Thursday, May 5, 2011

NYTIMES: Account Tells of One-Sided Battle in Bin Laden Raid

Duh. When Bin Laden is relaxing in his protected house in Pakistan, why would there be an even battle with 20 Elite Navy Seals? They came, they saw and they killed. Nothing wrong with that decision.

The new details suggested that the raid, though chaotic and bloody, was extremely one-sided, with a force of more than 20 Navy Seal members quickly dispatching the handful of men protecting Bin Laden.

Administration officials said that the only shots fired by those in the compound came at the beginning of the operation, when Bin Laden’s trusted courier, Abu Ahmed al-Kuwaiti, opened fire from behind the door of the guesthouse adjacent to the house where Bin Laden was hiding.

After the Seal members shot and killed Mr. Kuwaiti and a woman in the guesthouse, the Americans were never fired upon again.

This account differs from an official version of events issued by the Pentagon on Tuesday, and read by the White House spokesman, Jay Carney, which said the Seal members “were engaged in a firefight throughout the operation.”

In a television interview on PBS on Tuesday, Leon E. Panetta, the director of the C.I.A., said, “There were some firefights that were going on as these guys were making their way up the staircase of that compound.”

Administration officials said the official account of events has changed over the course of the week because it has taken time to get thorough after-action reports from the Seal team.
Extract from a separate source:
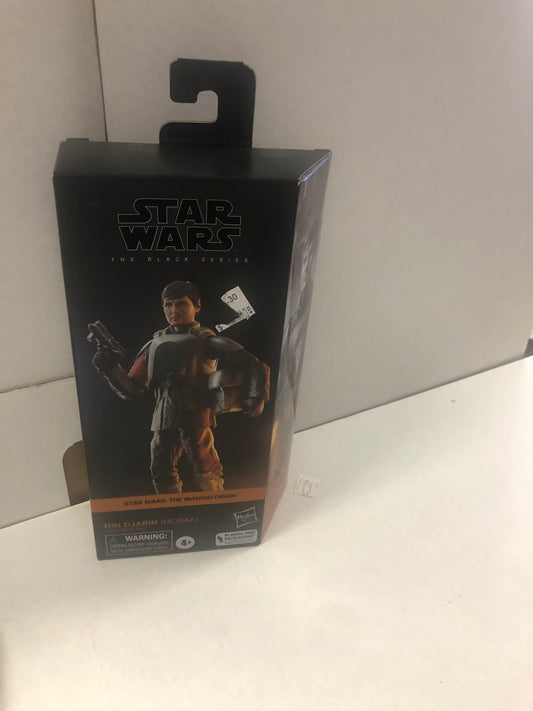 STAR WARS THE BLACK SERIES STAR WARS THE MANDALORIAN DIN DJARIN MORAK EXCELLENT CONDITION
And, they added, because the Special Operations troops had been fired upon as soon as they touched down in the compound, they were under the assumption that everyone inside was armed.

“They were in a threatening and hostile environment the entire time,” one American official said.

When the commandos moved into the main house, they saw the courier’s brother, who they believed was preparing to fire a weapon. They shot and killed him. Then, as they made their way up the stairs of the house, officials said they killed Bin Laden’s son Khalid as he lunged toward the Seal team.

When the commandos reached the top floor, they entered a room and saw Osama bin Laden with an AK-47 and a Makarov pistol in arm’s reach. They shot and killed him, as well as wounding a woman with him.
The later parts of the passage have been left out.